# PROBLEM TO WORK ON
In the listing below, print exactly the lines between the line holding "In this video, we're" and the line holding "So today we're", inclusive, and no more.

[Opening THE DATA section]

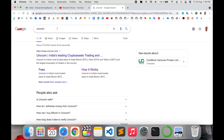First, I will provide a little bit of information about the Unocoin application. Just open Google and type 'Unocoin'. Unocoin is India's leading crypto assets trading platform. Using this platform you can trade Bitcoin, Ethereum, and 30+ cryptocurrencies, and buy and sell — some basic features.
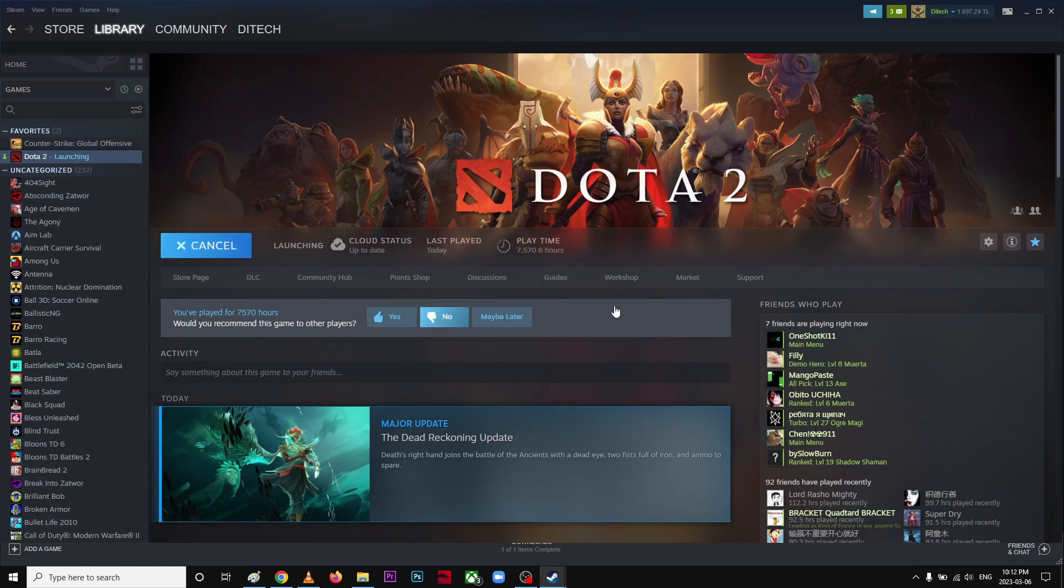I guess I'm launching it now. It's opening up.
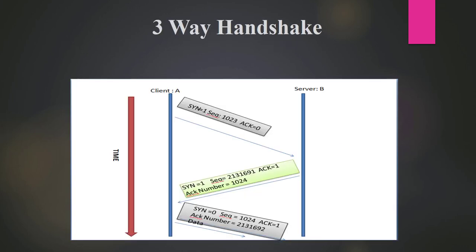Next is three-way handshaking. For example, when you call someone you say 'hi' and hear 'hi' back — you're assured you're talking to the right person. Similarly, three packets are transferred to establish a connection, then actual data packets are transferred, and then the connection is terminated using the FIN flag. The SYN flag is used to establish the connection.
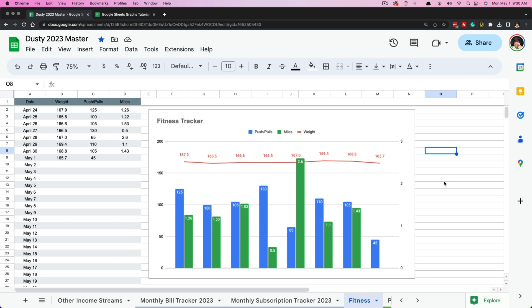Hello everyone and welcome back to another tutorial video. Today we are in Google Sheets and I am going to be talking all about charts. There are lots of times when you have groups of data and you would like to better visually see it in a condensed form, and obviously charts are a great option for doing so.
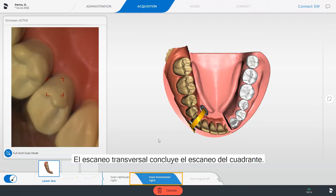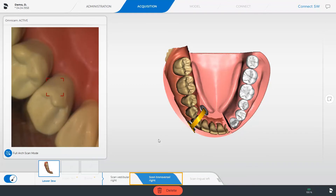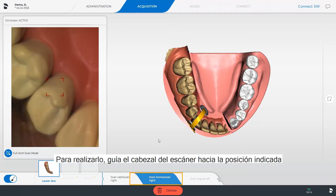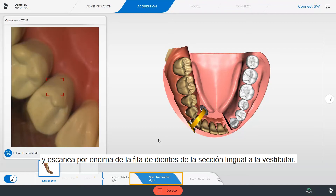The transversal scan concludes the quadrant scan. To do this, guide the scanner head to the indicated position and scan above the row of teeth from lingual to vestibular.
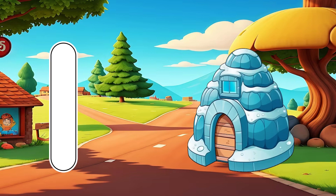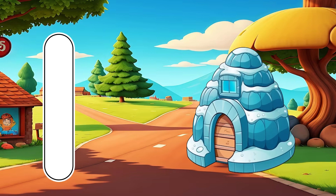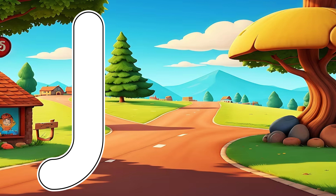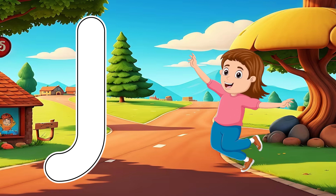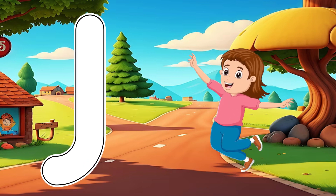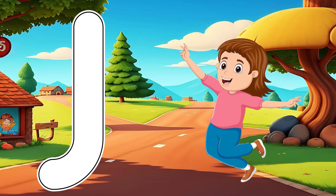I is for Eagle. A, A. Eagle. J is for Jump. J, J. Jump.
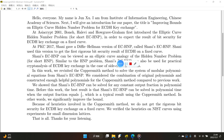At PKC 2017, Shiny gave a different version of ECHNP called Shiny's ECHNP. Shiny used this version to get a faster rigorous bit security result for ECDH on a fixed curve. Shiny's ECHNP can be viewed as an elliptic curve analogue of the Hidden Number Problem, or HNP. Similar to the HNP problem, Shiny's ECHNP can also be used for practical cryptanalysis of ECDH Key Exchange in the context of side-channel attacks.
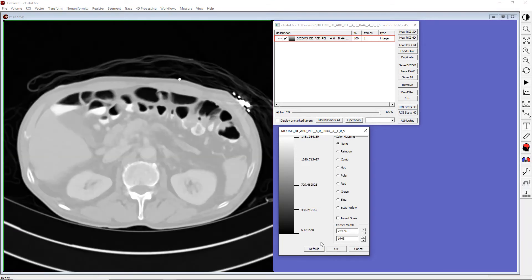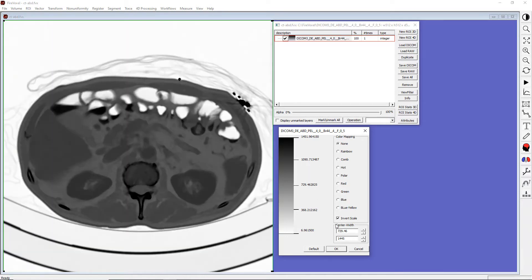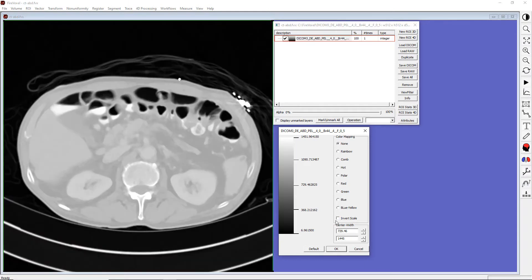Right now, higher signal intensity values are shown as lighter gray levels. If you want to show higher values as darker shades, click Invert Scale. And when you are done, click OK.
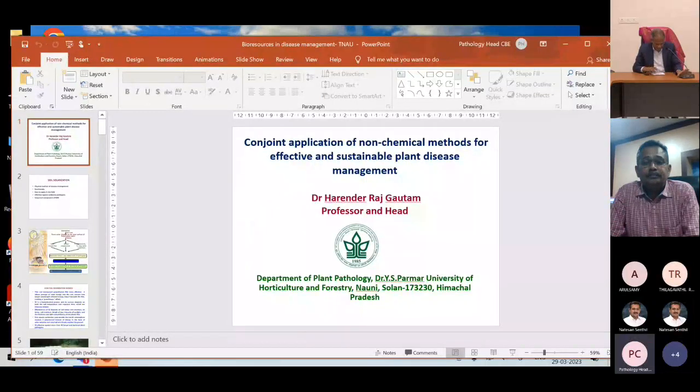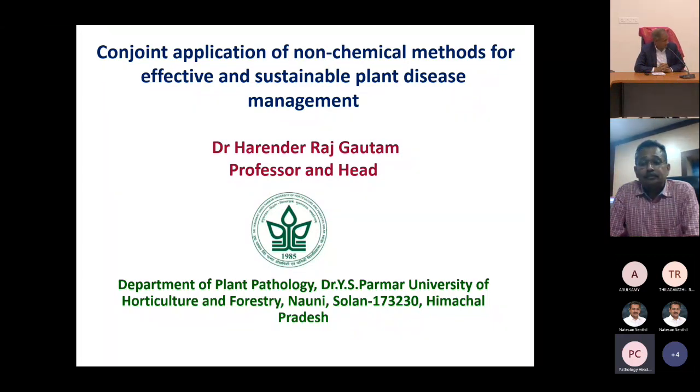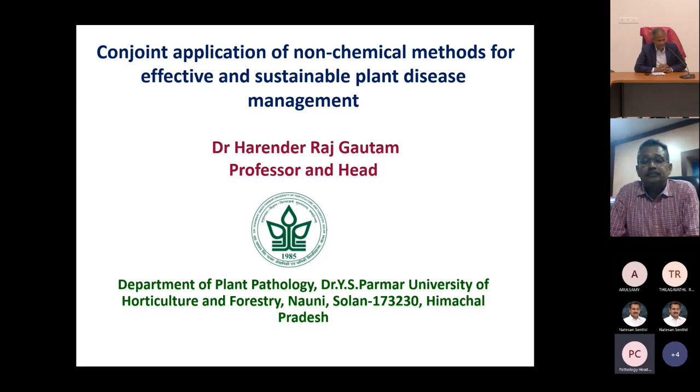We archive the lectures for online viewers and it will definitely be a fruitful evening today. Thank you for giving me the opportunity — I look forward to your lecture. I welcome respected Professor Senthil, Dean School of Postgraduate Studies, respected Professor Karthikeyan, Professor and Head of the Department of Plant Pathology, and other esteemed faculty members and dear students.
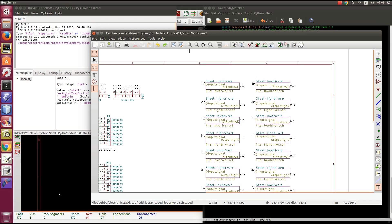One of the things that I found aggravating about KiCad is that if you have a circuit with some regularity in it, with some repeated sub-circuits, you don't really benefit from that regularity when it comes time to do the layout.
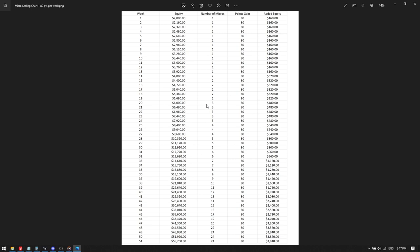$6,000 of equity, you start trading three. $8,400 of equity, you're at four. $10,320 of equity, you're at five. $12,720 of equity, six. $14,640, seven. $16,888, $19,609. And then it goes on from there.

[Closing THE DATA section]
[Opening THE DATA section]

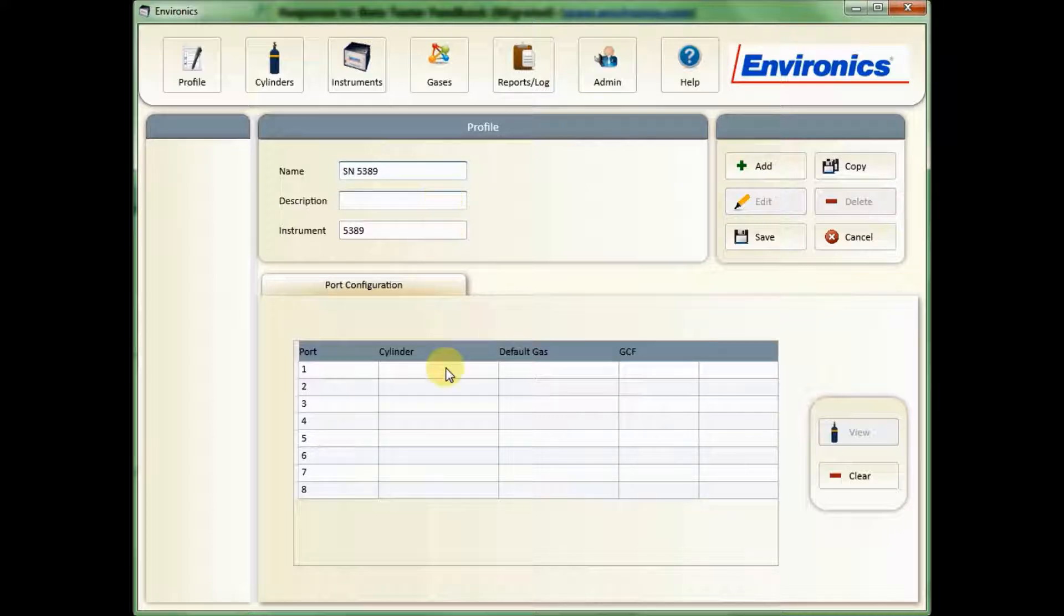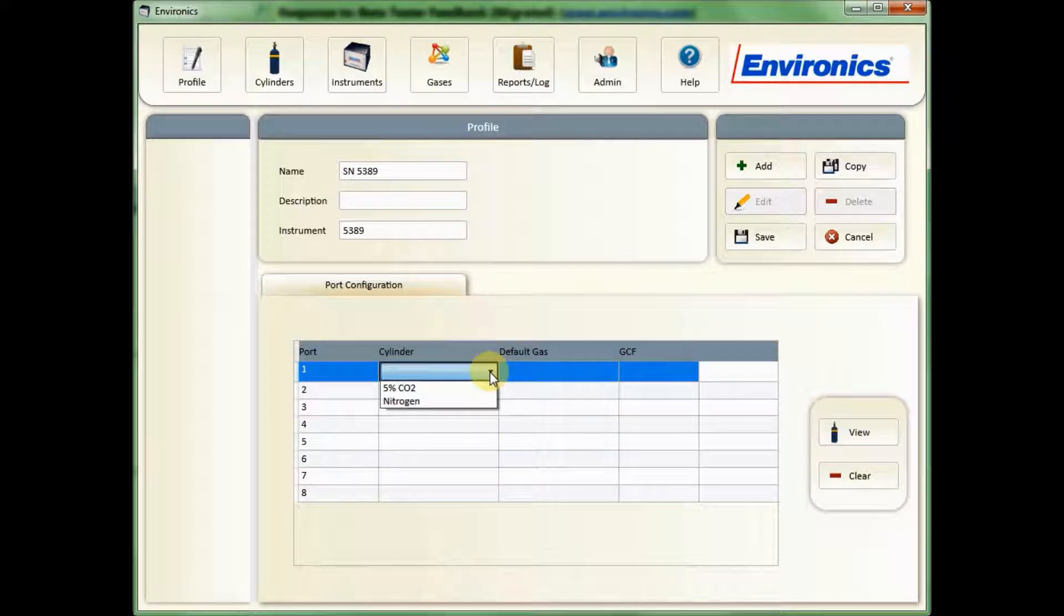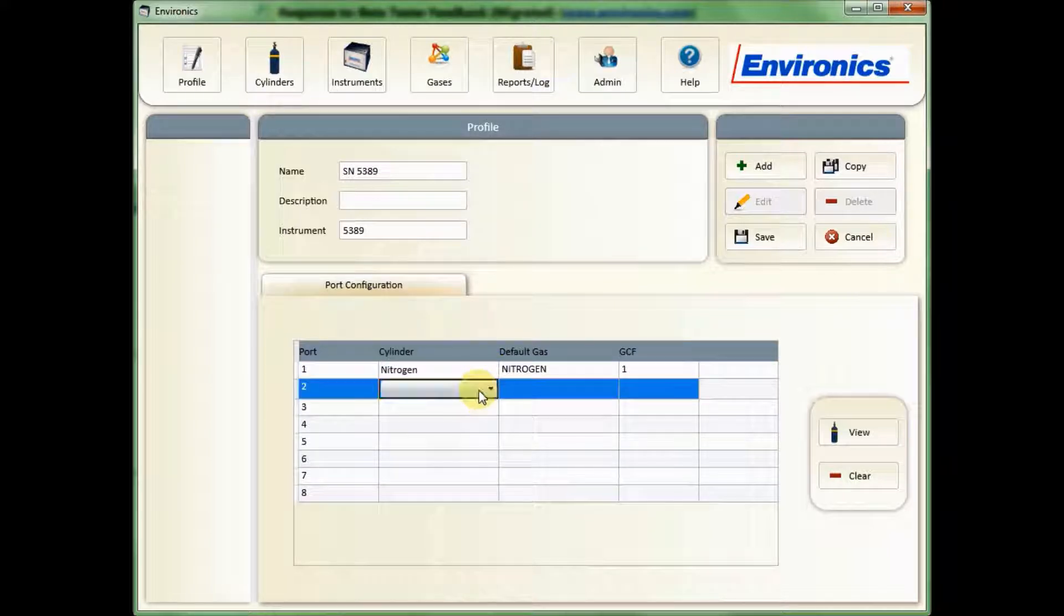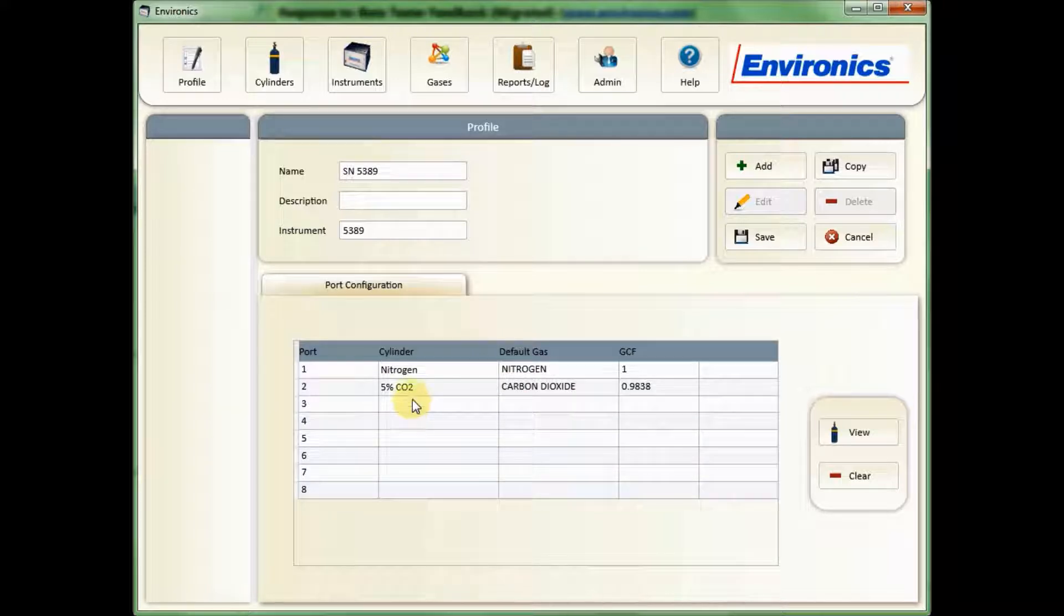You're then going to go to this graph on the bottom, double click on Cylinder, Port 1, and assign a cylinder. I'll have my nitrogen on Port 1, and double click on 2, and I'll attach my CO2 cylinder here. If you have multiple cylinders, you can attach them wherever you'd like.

[Closing THE DATA section]
[Opening THE DATA section]

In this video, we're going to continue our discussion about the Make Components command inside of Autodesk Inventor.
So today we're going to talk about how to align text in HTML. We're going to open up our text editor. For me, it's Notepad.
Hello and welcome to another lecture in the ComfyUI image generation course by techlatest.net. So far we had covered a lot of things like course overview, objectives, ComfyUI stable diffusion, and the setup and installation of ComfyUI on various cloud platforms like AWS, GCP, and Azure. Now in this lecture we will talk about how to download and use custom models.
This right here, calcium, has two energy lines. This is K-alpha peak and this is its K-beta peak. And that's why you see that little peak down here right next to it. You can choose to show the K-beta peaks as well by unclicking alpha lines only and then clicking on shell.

[Closing THE DATA section]

# FINAL ANSWER
In this video, we're going to continue our discussion about the Make Components command inside of Autodesk Inventor.
So today we're going to talk about how to align text in HTML. We're going to open up our text editor. For me, it's Notepad.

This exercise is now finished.